▶ Task requirements: Print, exactly as they appear in the listing below, the lines from the line with "2 bedroom apartment to rent, Danbury Palace" to the line with "VIN KNDCC3LC4H5043217 2017 KIA NIRO EX", with both end lines kept.

▶ Supplied information:
========

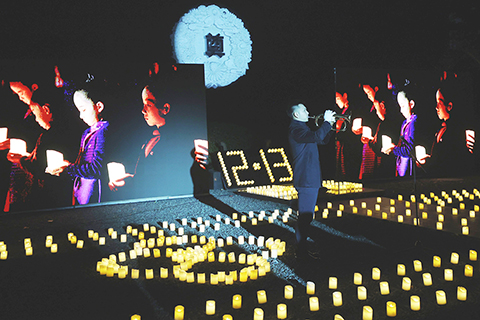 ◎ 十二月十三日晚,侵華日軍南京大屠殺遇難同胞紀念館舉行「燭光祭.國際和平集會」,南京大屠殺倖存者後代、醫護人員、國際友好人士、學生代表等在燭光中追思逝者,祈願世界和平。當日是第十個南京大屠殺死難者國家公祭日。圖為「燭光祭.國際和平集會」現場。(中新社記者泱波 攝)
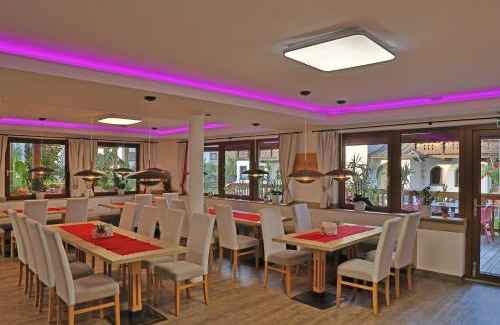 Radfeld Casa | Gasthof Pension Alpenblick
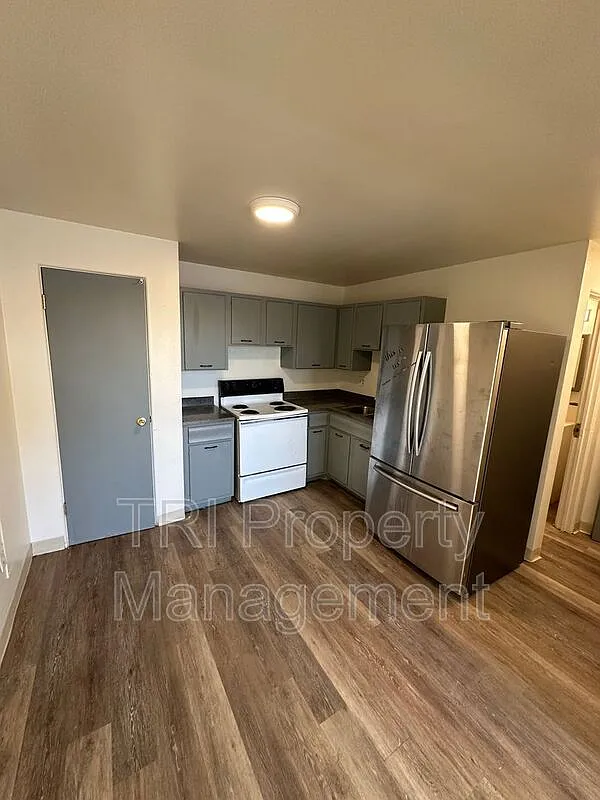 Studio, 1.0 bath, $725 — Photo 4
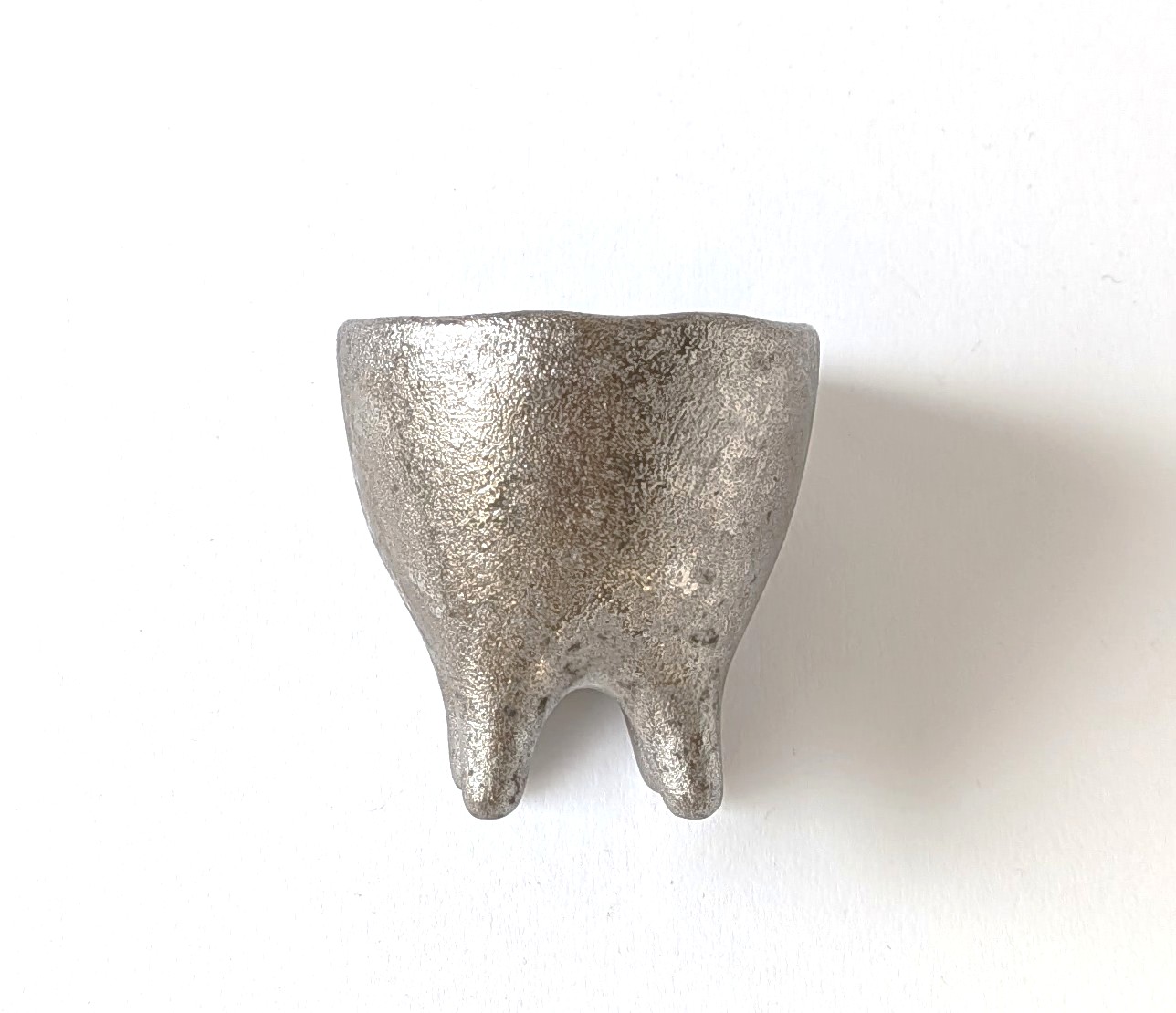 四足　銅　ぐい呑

========

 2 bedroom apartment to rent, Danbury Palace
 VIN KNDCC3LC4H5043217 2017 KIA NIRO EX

========

▶ Response to this exercise:
 2 bedroom apartment to rent, Danbury Palace
 VIN KNDCC3LC4H5043217 2017 KIA NIRO EX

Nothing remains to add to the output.